Sono questi gli ultimi atti di quella che è stata definita la guerra delle parole scoppiata tra due leader mondiali, la cui reputazione si basa su un unico principio: parlare duramente e agire allo stesso modo.
La causa della tensione crescente tra Stati Uniti e Corea del Nord è data in primis da un’accelerazione nella produzione di armamenti nucleari da parte del paese asiatico.

Solo durante la scorsa estate il regime nordcoreano ha effettuato quattro test missilistici e un test nucleare (3 settembre), che ha fatto registrare un’esplosione significativamente più potente delle bombe atomiche sganciate dagli Stati Uniti su Hiroshima e Nagasaki durante la Seconda Guerra Mondiale e ha provocato un terremoto di magnitudo 6.3.

L’obiettivo di Kim è chiaro: fabbricare una bomba nucleare miniaturizzata da agganciare a un missile con gittata tale da essere in grado di raggiungere il territorio statunitense.

A fine settembre, dopo la registrazione di nuove scosse nell’area della penisola coreana che hanno fatto temere nuovi test nucleari, gli Stati Uniti hanno iniziato a prendere le prime contromisure: alcuni bombardieri supersonici americani hanno iniziato a pattugliare lo spazio aereo internazionale a est della Corea del Nord.
Un messaggio chiaro a cui hanno fatto eco le parole di un portavoce del Pentagono: “Se il regime di Kim Jong-un non mette fine alle provocazioni, faremo in modo di fornire al presidente Trump tutti i mezzi possibili per affrontare la questione”.

Dopo il già citato tweet di Donald Trump lo scorso 24 settembre, è toccato all’establishment statunitense smorzare i toni al fine di non trasformare una guerra di parole in un conflitto armato vero e proprio: la portavoce della Casa Bianca, Sarah Huckabee Sanders, e il Segretario di Stato statunitense, Rex Tillerson, hanno ribadito fermamente la volontà di risolvere la crisi attraverso vie diplomatiche e tramite l’adozione di sanzioni economiche.

In quest’ultima direzione si sta già muovendo l’ONU, adottando provvedimenti sempre più duri al fine di fermare l’escalation nucleare del regime di Kim.
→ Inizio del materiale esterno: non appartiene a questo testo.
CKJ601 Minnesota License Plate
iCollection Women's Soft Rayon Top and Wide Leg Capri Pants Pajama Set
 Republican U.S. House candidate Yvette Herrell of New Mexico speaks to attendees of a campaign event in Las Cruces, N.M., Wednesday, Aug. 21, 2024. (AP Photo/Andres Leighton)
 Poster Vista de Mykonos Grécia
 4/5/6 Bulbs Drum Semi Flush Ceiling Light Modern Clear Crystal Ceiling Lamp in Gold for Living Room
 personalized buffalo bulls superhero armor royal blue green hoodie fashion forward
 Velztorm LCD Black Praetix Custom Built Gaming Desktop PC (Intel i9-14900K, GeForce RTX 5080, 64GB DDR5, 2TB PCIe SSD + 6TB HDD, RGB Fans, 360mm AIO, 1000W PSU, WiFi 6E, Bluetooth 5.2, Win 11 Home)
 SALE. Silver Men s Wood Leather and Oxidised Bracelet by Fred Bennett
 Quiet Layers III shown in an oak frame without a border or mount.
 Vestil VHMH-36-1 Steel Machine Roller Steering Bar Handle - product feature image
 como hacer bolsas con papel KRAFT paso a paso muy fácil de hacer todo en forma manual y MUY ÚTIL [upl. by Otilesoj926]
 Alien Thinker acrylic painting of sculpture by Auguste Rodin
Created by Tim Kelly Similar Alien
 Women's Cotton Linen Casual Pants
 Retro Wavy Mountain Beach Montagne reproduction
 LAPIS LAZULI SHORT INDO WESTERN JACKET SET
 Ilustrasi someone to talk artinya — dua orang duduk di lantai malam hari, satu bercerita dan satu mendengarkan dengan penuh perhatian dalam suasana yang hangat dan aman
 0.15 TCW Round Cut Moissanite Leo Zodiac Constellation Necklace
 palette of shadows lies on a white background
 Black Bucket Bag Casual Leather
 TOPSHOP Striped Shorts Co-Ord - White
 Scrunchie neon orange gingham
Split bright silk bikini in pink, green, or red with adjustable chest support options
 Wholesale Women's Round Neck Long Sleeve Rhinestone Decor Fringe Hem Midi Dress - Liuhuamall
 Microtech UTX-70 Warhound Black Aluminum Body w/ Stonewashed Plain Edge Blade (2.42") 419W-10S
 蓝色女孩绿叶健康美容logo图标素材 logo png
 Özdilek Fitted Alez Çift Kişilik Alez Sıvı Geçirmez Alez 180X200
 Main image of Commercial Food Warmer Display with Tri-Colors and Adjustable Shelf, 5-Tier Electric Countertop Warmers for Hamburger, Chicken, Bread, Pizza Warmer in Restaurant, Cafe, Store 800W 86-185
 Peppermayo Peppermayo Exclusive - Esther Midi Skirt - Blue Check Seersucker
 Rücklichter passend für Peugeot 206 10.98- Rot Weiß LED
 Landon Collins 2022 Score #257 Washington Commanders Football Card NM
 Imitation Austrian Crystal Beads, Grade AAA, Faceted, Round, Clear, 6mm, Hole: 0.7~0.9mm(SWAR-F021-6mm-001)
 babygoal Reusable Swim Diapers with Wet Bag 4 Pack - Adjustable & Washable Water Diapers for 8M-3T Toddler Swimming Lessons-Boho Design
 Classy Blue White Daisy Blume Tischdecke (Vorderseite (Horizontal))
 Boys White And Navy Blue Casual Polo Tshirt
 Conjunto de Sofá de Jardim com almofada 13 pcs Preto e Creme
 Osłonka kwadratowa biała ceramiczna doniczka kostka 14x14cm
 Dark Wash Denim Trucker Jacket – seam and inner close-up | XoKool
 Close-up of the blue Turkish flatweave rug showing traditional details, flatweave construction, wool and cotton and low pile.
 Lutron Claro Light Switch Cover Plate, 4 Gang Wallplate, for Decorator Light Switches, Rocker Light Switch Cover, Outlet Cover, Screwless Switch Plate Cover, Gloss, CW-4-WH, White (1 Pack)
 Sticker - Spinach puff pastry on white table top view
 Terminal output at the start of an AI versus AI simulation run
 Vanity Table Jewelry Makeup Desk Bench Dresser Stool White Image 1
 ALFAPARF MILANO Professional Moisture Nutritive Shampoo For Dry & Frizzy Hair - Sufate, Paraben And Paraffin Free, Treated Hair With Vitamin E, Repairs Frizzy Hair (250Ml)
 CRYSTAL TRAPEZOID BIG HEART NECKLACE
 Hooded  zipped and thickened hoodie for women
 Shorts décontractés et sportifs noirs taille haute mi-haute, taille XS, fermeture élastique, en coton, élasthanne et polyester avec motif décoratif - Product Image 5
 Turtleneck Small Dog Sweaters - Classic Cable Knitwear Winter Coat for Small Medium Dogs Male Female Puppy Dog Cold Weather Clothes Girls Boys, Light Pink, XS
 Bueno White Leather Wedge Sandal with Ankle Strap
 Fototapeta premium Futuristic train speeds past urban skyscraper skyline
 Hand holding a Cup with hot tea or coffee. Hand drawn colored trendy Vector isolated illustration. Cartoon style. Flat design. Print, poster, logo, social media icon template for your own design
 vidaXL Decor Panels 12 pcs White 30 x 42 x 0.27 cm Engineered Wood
A questi ha già aderito la Cina che dal 1° ottobre ha limitato l’esportazione di petrolio e bloccato l’esportazione di gas naturale e l’importazione di prodotti tessili provenienti dalla Corea del Nord.

Parallelamente gli Stati Uniti hanno annunciato ulteriori sanzioni per limitare l’accesso di 8 banche nordcoreane al sistema bancario internazionale e portare banche di paesi terzi a non intrattenere rapporti d’affari con la Nord Corea, pena la revoca dell’accesso al sistema finanziario statunitense.

Malgrado dunque i toni particolarmente accesi adottati dal presidente USA e il dittatore nordcoreano, è chiaro e tangibile l’intento della comunità internazionale di risolvere la questione adottando soluzioni che non contemplino l’uso della forza, al fine di evitare un conflitto che si rivelerebbe il più catastrofico tra quelli a cui ha assistito il continente asiatico sino ad ora.